#### Your objective:
Please give the records below back in full, exactly as shown.
==== Material shown ====
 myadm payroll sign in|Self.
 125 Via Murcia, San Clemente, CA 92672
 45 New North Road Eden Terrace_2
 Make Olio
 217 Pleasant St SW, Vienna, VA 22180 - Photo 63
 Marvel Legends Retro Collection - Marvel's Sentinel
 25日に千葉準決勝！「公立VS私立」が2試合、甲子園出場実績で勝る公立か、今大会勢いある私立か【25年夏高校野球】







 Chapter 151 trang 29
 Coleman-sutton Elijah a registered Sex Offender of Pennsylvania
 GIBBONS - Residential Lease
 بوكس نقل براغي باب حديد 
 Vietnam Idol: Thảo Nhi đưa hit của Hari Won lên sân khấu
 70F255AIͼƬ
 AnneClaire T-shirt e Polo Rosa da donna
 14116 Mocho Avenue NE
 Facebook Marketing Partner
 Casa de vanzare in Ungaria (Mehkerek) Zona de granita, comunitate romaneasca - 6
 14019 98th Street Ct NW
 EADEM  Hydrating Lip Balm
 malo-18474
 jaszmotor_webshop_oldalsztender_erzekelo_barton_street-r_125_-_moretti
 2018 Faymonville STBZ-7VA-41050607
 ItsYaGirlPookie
====
#### Answer box:
 myadm payroll sign in|Self.
 125 Via Murcia, San Clemente, CA 92672
 45 New North Road Eden Terrace_2
 Make Olio
 217 Pleasant St SW, Vienna, VA 22180 - Photo 63
 Marvel Legends Retro Collection - Marvel's Sentinel
 25日に千葉準決勝！「公立VS私立」が2試合、甲子園出場実績で勝る公立か、今大会勢いある私立か【25年夏高校野球】







 Chapter 151 trang 29
 Coleman-sutton Elijah a registered Sex Offender of Pennsylvania
 GIBBONS - Residential Lease
 بوكس نقل براغي باب حديد 
 Vietnam Idol: Thảo Nhi đưa hit của Hari Won lên sân khấu
 70F255AIͼƬ
 AnneClaire T-shirt e Polo Rosa da donna
 14116 Mocho Avenue NE
 Facebook Marketing Partner
 Casa de vanzare in Ungaria (Mehkerek) Zona de granita, comunitate romaneasca - 6
 14019 98th Street Ct NW
 EADEM  Hydrating Lip Balm
 malo-18474
 jaszmotor_webshop_oldalsztender_erzekelo_barton_street-r_125_-_moretti
 2018 Faymonville STBZ-7VA-41050607
 ItsYaGirlPookie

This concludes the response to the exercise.